Türkiye'nin ekonomik olarak şu an bir uçurumun kenarına yaklaştığını savunan Şahinalp, "Sandıkta değişim çıkarsa uçurumun kenarından uzaklaşıp umudu oluşur. Ancak Erdoğan kazanırsa aklımızın ucundan bile geçirmediğimiz şeylerin olma riski var" ifadelerini kullandı.
Faiz indiriminde ısrar edilmesinin bütçeye büyük yük getirdiğine dikkati çeken Şahinalp, "Birileri faizi 8,5'e indirdik diye bağırıyor, bugün aylık yüzde 4'ün altında konut kredisi yok. Kredi faizleri yüzde 50'ler geldi. Kapalıçarşı'da dolar 21,500 Türk lirası" dedi.

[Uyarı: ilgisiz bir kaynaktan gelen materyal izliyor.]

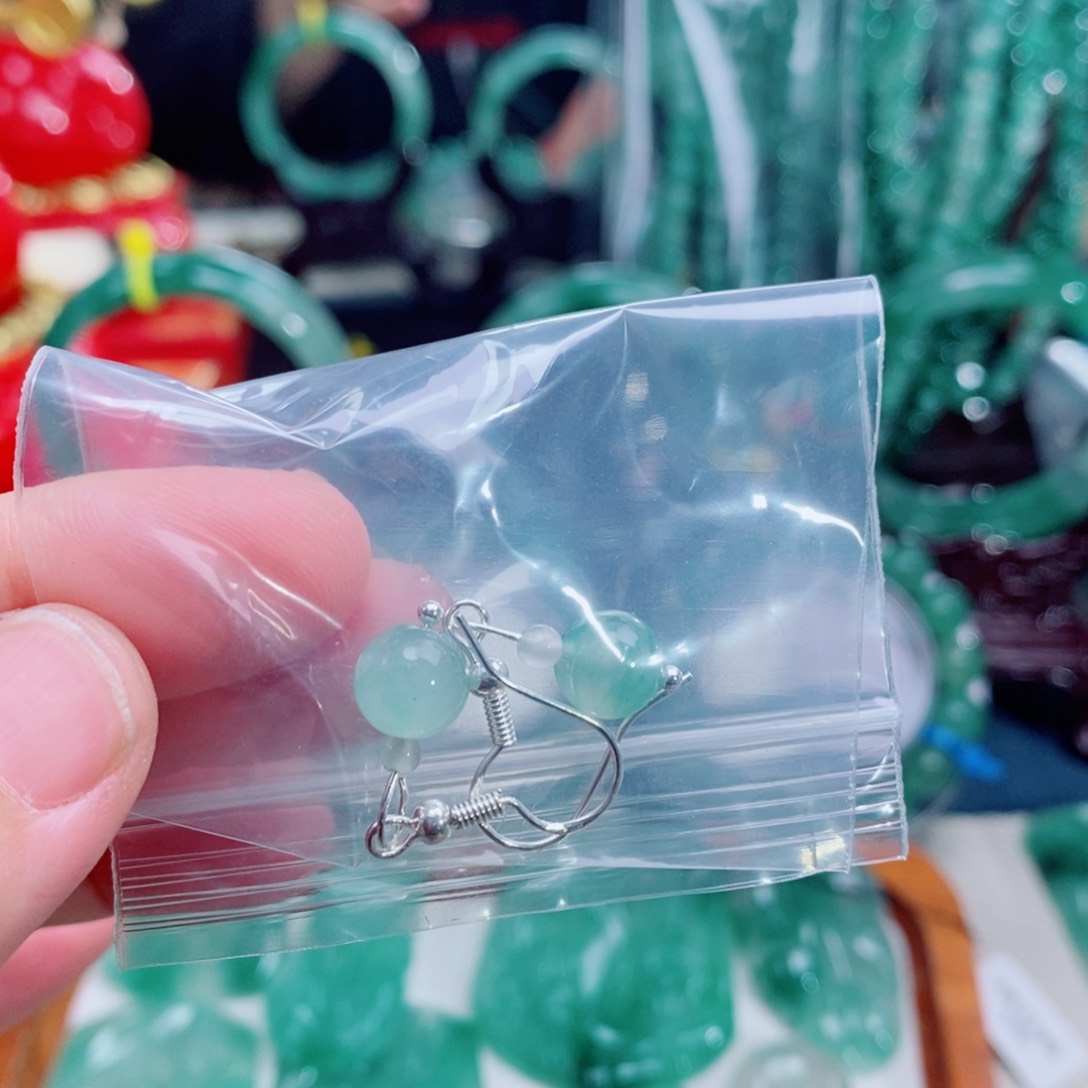 石英质玉颈饰未镶嵌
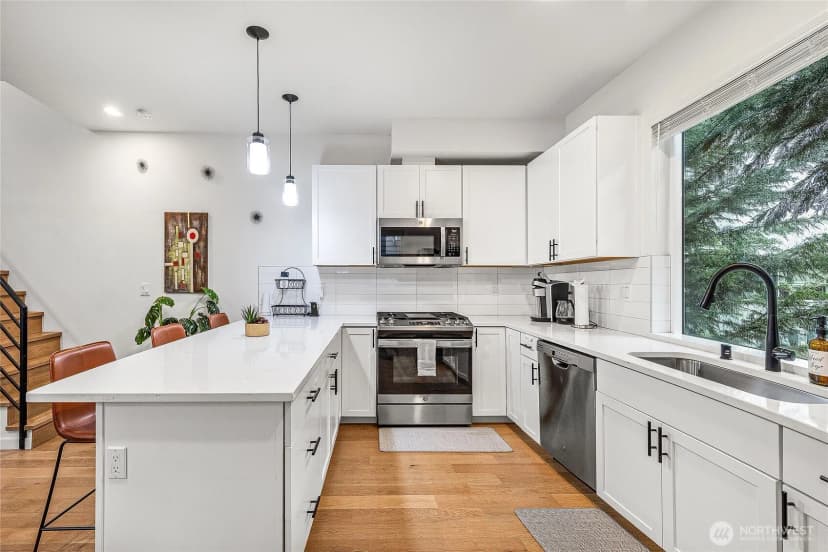 Property photo for 5240 Brooklyn Avenue #a, Seattle photo 11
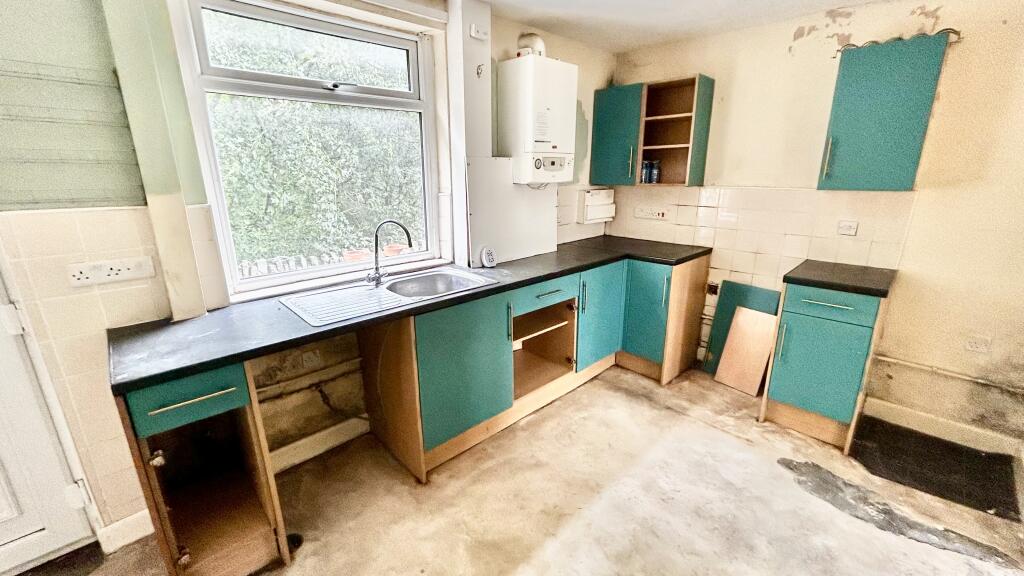 Clover Street, Bacup, OL13 photo 3
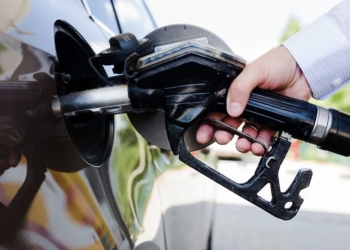 Cómo ahorrar en combustible en tu próximo viaje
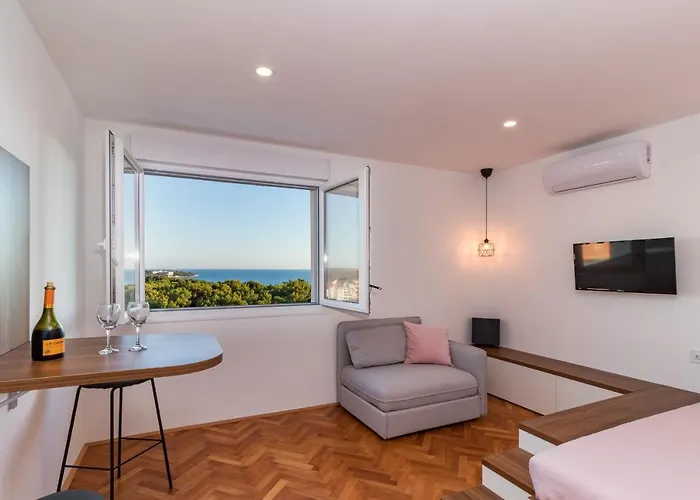 Floor Modern With Incredible Views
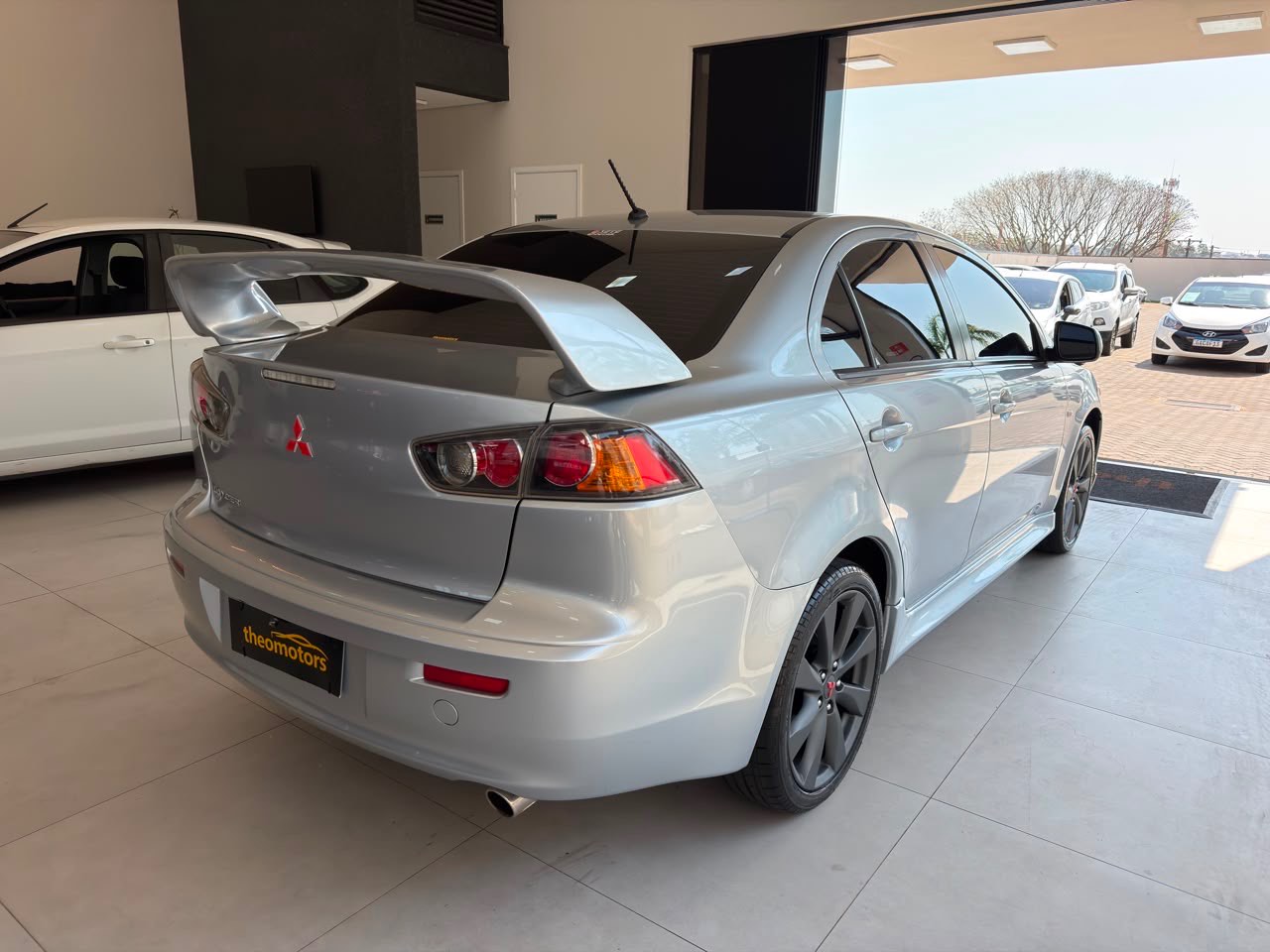 MITSUBISHI Lancer 2.0 16V 4P AUTOMÁTICO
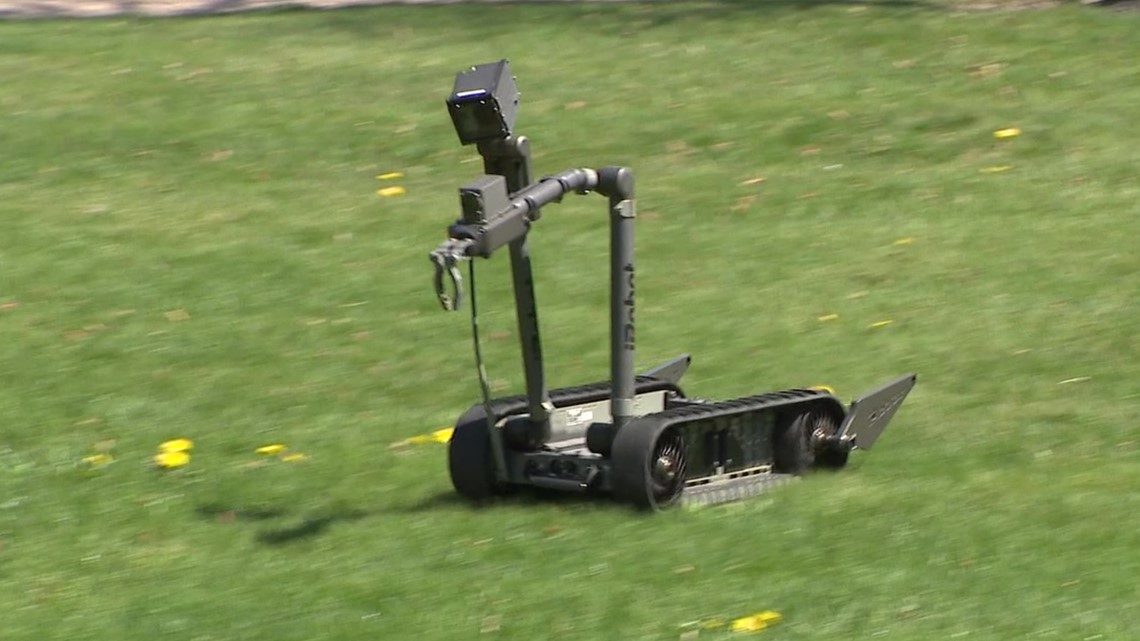 Bloomsburg students repair police department's I-Robot - Vimarsana News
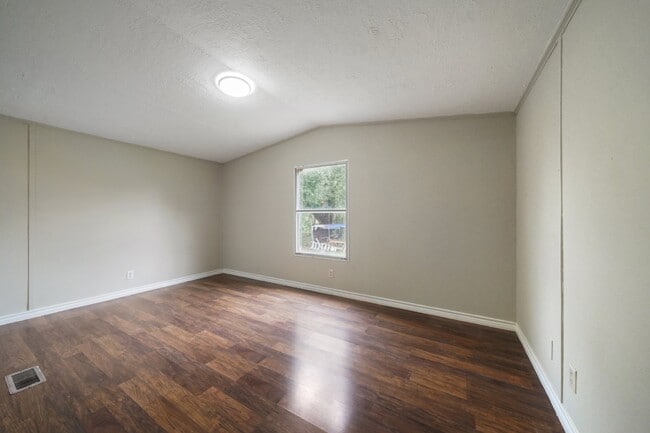 Building Photo - Charming 3-Bed, 2-Bath Retreat on Country Oaks Street, Brazoria!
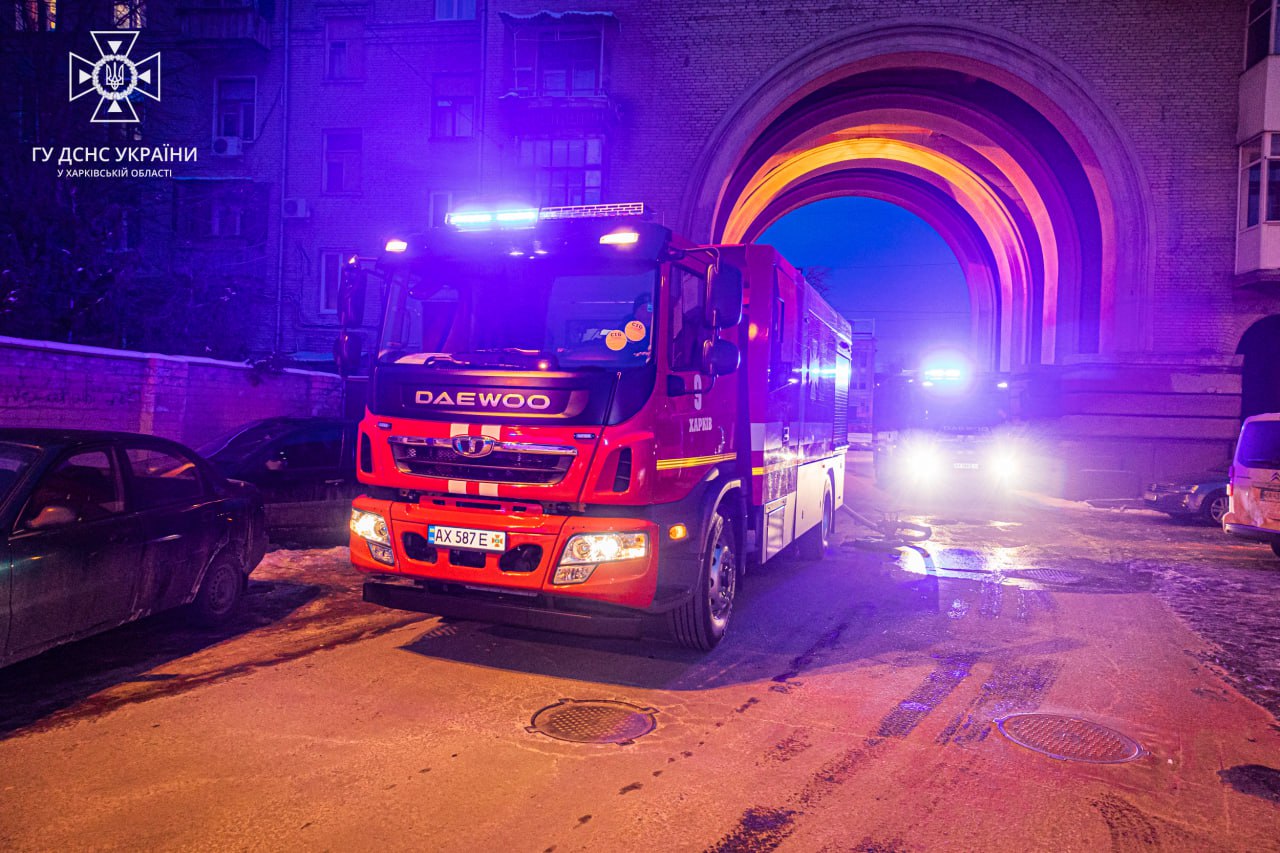 Протягом години у Харкові на пожежах врятовано 4 людей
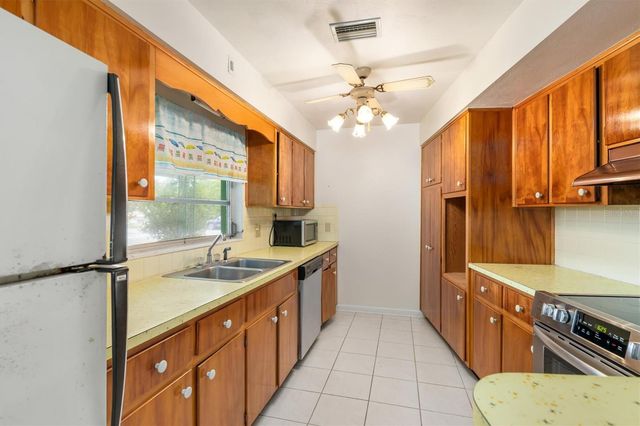 565 READING STREET NW, Port Charlotte, FL 33952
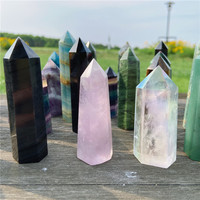 Großhandel Klare Quarz-Obelisken, Amethyst-Heilsteine, Kristallsäulen, Natürlicher Quarzstab, Kristall-Fluorit-Turm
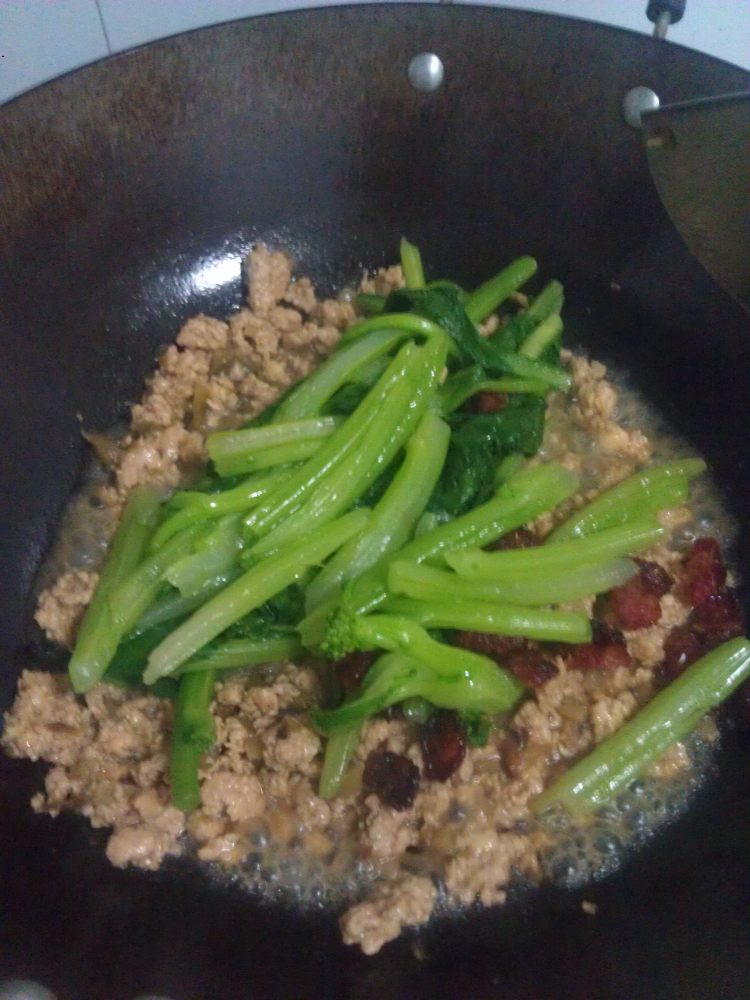 肉末腊肠菜心步骤7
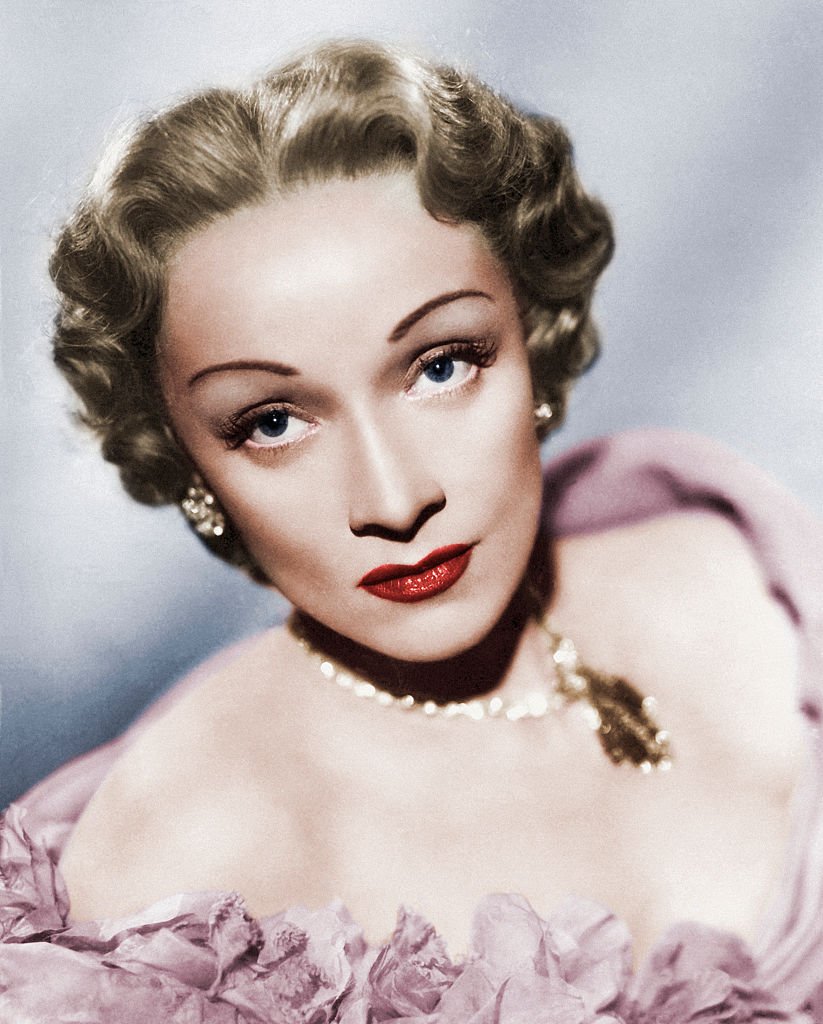 Marlene Dietrich tenía un estilo de cejas finas y definidas.| Foto: Getty Images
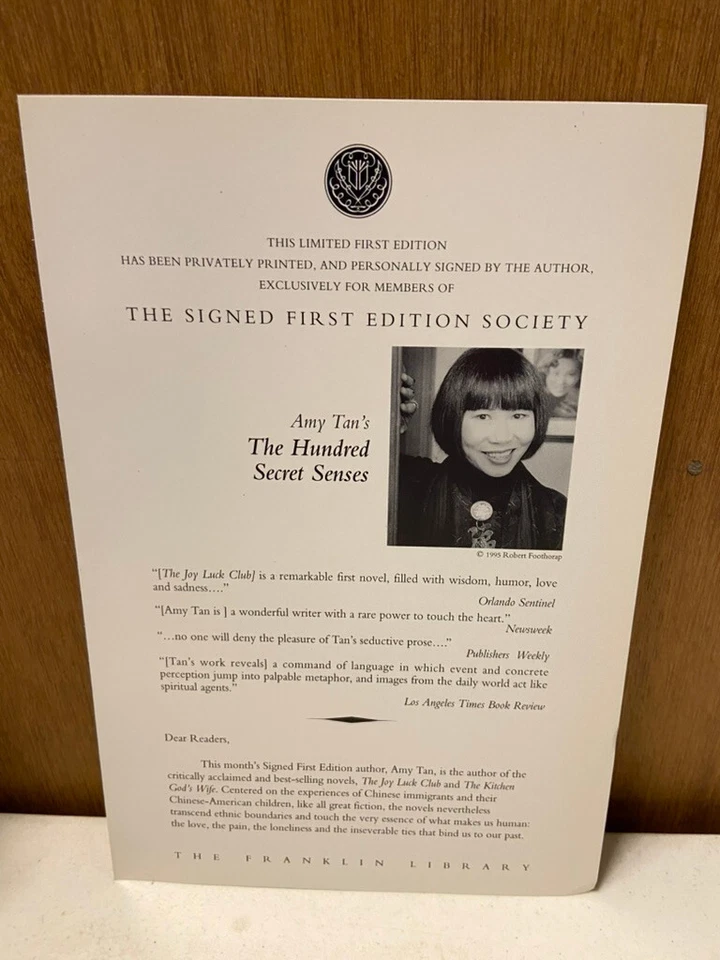 Franklin Library: SIGNED 1st The Hundred Secret Senses by amy Tan Leatherbound - Imagem 2 de 4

"Lübnan da oluruz, Arjantin'de oluruz"
2021 Eylül'den itibaren doların 7 lirayı aşmaması için 128 milyar doların satıldığını hatırlatan Bülent Şahinalp, şunları ifade etti:
7 lira nerede 21 lira nerede. Yeni ekonomi politikasına ne oldu? CDS primi 700'ü geçti. Bugün dolar bazında Türkiye'nin uluslararası piyasalardan yüzde 10'un altında borç bulma ihtimali sıfır. Ülkenin dış borcu 465 milyar dolar civarında. Bunları kim ödeyecek? Yöneticiler bunları ceplerinde mi karşılayacak? yok. Yine halkımız ödeyecek. Dolayısıyla pazar günkü seçim köprüye gelmeden önceki son çıkıştır. Ya aklın ve ekonomi biliminin gereğini yerine getireceğiz veyahut Lübnan da Arjantin de oluruz. Halkımız sandığa giderken bunları düşünüp oyunu ona göre kullanmalı. Çocuklarının geleceğini düşünmeli."